Khalilzad is also a neo-con, and like most American neo-cons he considers Russia the principal threat to the United States. He worked with the late National Security Adviser Zbigniew Brzezinski, who, under President Jimmy Carter, took a leading role in Operation Cyclone, the secret CIA program that financed the Afghan Mujahideen with cash, weapons, training, and jihadist schoolbooks to fight the Russians. Brzezinski’s aim, as he stated, was to give the Soviets their own Vietnam quagmire. Back then, his message to the Mujahideen fighters that would become al-Qaeda and the Taliban was: “Your cause is right, and God is on your side.”

 

Called “Bush’s favorite Afghan” in the media, Khalilzad has enemies within the United States. In 2014, Austria’s Profil magazine reported that Zalmay Khalilzad was accused of transferring $1.4 million (£0.9 million) to his wife’s account. Profil said the money was linked to activities involving companies in Iraq and the United Arab Emirates.
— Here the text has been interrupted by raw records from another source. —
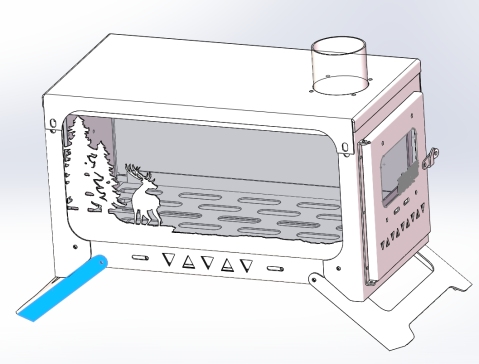 柴火炉户外露营柴火炉设计+CAD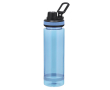 Transparante matte fles van RPET met zwart deksel 700ml kleur lichtblauw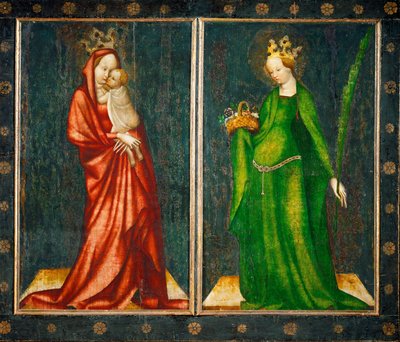 Dvě vnější desky oltáře, vlevo Madona, vpravo svatá Dorota (malba na dubovém dřevě) od Master of Heiligenkreuz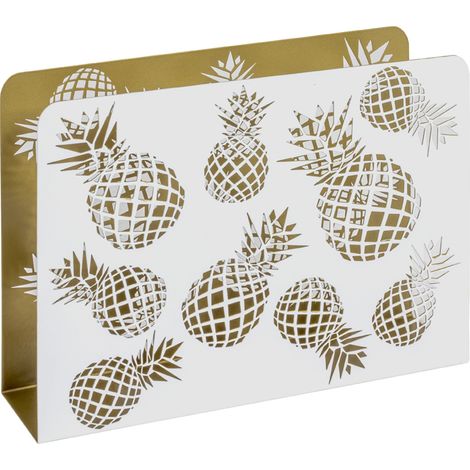 Porte revues coloris blanc-doré - Dim : L 35 x P 10 x H 26 cm -PEGANE- (1/4)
It was pointed out that Khalilzad was the US ambassador to Iraq and Afghanistan between 2003 and 2007. 

 

Following Khalilzad’s resignation as the Special Representative for Afghanistan Reconciliation in October 2021, Bill Roggio of the Foundation for Defense of Democracies said, and the Politico news website reported: “It is about time he stopped stealing money from the US government. He shoulders a large amount of the blame for shilling for the Taliban.” Of note is that one of the Taliban negotiators, Mullah Abdul Ghani Baradar, was in a Pakistani prison and was released at Khalilzad’s request so that Mullah Baradar could become a lead-Taliban negotiator at Doha.